Serves: 4-6
INGREDIENTS:
- 1 tbsp. coconut oil
- 1 cup chopped onions
- 3/4 cup chopped carrots
- 3 cloves garlic, minced
- 1 cup chopped green bell pepper
- 1 cup chopped red bell pepper
- 3/4 cup chopped celery
- 1 tbsp. chili powder
- 1-1/2 cups chopped mushrooms
- 3 cups chopped tomatoes
- 2 cups cooked kidney beans
- 1 tbsp. ground cumin
- 1-1/2 teaspoons oregano
- 1-1/2 teaspoons crushed basil leaves
INSTRUCTIONS:
- Heat coconut oil in a large saucepan over medium heat.
- Add chopped onions, carrots, and minced garlic. Sauté until tender.
- Stir in chopped green bell pepper, red bell pepper, celery, and chili powder. Cook, stirring often, until the vegetables are tender, about 6 minutes.
- Add the chopped mushrooms to the vegetables and cook for an additional 4 minutes.
- Stir in the chopped tomatoes, cooked kidney beans, ground cumin, oregano, and crushed basil leaves.
- Bring the mixture to a boil, then reduce the heat to medium.
- Cover the saucepan and simmer for 20 minutes, stirring occasionally to ensure even cooking.
- Serve the vegetable chili hot, and optionally, garnish with your favorite toppings such as shredded cheese, chopped cilantro, or a dollop of sour cream.
ALLERGIES:
SF (Shellfish-Free)
GF (Gluten-Free)
DF (Dairy-Free)
EF (Egg-Free)
NF (Nut-Free)
V (Vegetarian)
Here are some variations of the vegetable chili recipe:
- Spicy Vegan Chili: Replace the coconut oil with vegetable oil or olive oil, and omit the kidney beans. Instead, add 1 cup of cooked black beans and 1 cup of cooked chickpeas. Increase the chili powder and crushed red pepper flakes for a spicier kick.
- Sweet Potato and Black Bean Chili: Add 1 cup of diced sweet potatoes along with the carrots and cook until tender. Use black beans instead of kidney beans for a unique flavor combination.
- Quinoa Chili: Add 1/2 cup of uncooked quinoa along with the tomatoes and kidney beans. The quinoa will cook in the chili and add a nice texture and protein boost.
- Three-Bean Chili: Use a mix of kidney beans, black beans, and pinto beans instead of just kidney beans.
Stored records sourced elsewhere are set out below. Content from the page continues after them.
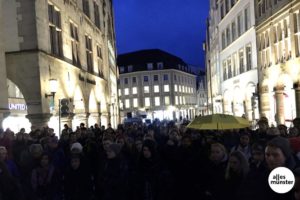 Die Lage an der europäischen Außengrenze in Griechenland bewegte viele Münsteraner, sich spontan zu einer Kundgebung auf dem Prinzipalmarkt zu versammeln. (Foto: Philipp Schröder)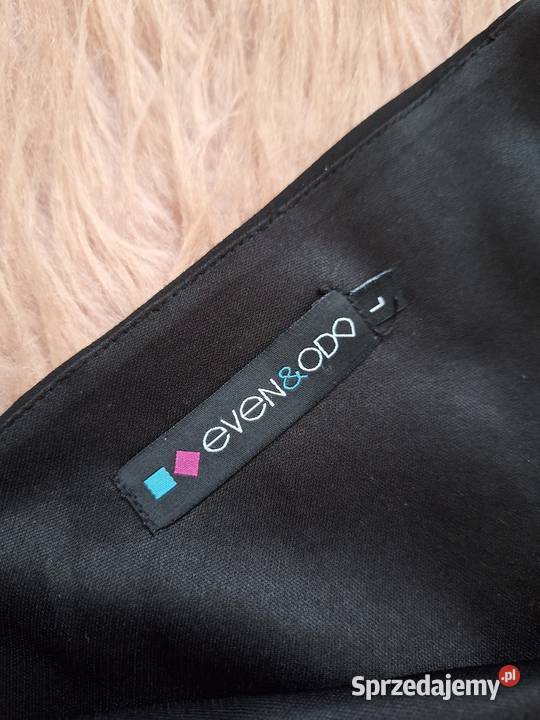 Piękny czarny kombinezon z cekinowym dołem 40 na Rozmiar 40(L) Pozostałe Kraków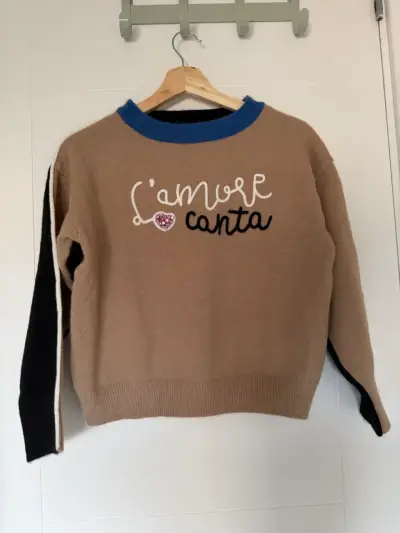 Suéter con diseño 'L'amour Canta' - miniatura 1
This will add different colors and flavors to the chili.
- Chunky Vegetable Chili: Instead of chopping the vegetables finely, leave them in larger chunks for a heartier texture.
- Mexican-Inspired Chili: Add a can of corn kernels and a chopped poblano pepper to the mix. Season with cumin, coriander, and a pinch of cinnamon for a warm and flavorful Mexican twist.
- Mushroom and Lentil Chili: Replace some of the kidney beans with cooked lentils and add extra mushrooms for a hearty and earthy flavor.
- White Bean and Kale Chili: Swap the kidney beans with white beans and add chopped kale to the mix. The kale will add a nutritious boost to the chili.
- Roasted Vegetable Chili: Roast the chopped vegetables in the oven before adding them to the saucepan for a smoky and rich flavor.
- Asian-Inspired Chili: Add soy sauce, ginger, and a dash of sesame oil for an Asian-inspired twist on the classic chili.
- Butternut Squash and Black Bean Chili: Add 1 cup of diced butternut squash to the vegetables. The sweetness of the squash pairs well with the black beans and spices.
- Chickpea and Spinach Chili: Use chickpeas instead of kidney beans and add a couple of handfuls of fresh spinach to the chili. Stir in the spinach during the last few minutes of cooking to wilt it gently.